Honestly, I don’t like this solution.    Your draft shouldn’t cater to a specific implementation, which is why it came back to the WG in the first place.

WG] I don't understand how that caters to a specific implementation, especially since several folks in the WG seem to agree that the better solution is to add the AS on receipt so that the route is consistent within the AS in order to avoid loops.

I would prefer to see a definite statement.  If you don’t want to exclude one of the options then pick one (SHOULD — for the "right amount of wiggle room") and then mention the other as an option (MAY).  In the end the effect is the same (no one is excluded), but the answer to “When should I prepend?” is clearer:  do it when you SHOULD (but you MAY also do it at other times).

WG] Well, I'm trying to avoid either re-hashing the apparent disagreement between the vendors, having to discuss deep details about multiple vendors' implementation choices to explain the should vs may and/or being responsible for fixing an existing ambiguity in the BGP spec, especially since at least one of those things is, as you said, the reason that this draft came back to the WG in the first place. Since email is bad at conveying tone, I should be clear that while I am a bit frustrated, I'm not trying to be combative here. It appears to me that there isn't a single right answer to the question you're posing, so I don't really know what the definite statement should be, which is why I didn't make it.

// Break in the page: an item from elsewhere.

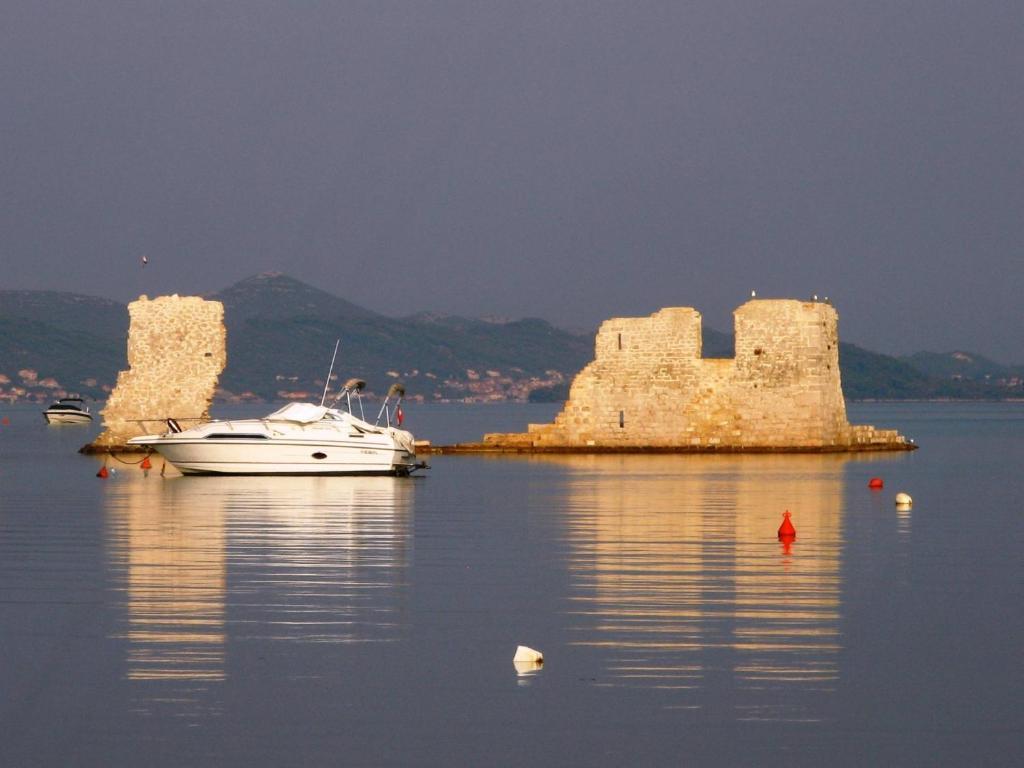 Apartments Luna Sukošan Εξωτερικό φωτογραφία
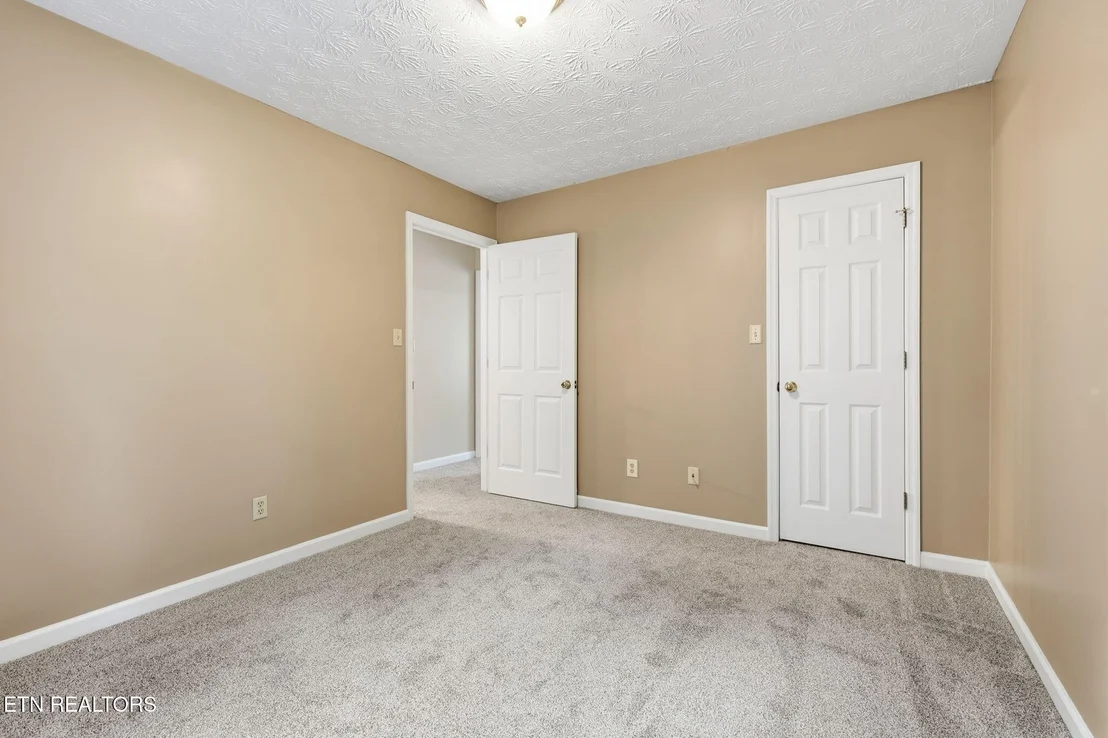 Photo of 5516 W Emory Rd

The closest I've found is the last bit of Jeff's April 21 email, but even that is only discussing the gotchas, not making a definite statement:
"The issue has to do with where an implementation does its loop detection.
Some implementations do loop detection at every BGP speaker.  Some do them
only at an ebgp edge.  Some bias this behavior based on local-as being
enabled or not.  How you do your loop detection and when heavily biases your
choice of implementation.  In implementations that only requires local-as at
your ebgp edges but do loop detection at route reflectors/external confederation
routers, adding your local-as as part of import is a problem.

So, consistency isn't only a big deal as part of when/where you do your
local-as prepend, it's also a matter of where you do loop detection.  If
implementations in the absence of some "outside the scope" implementation
were to pedantically implement the base BGP RFC, the migration mechanisms
would be a bit biased to a given solution."

Would something like this text be the right level of background info to provide unambiguous but unbiased guidance without requiring pages of additional discussion?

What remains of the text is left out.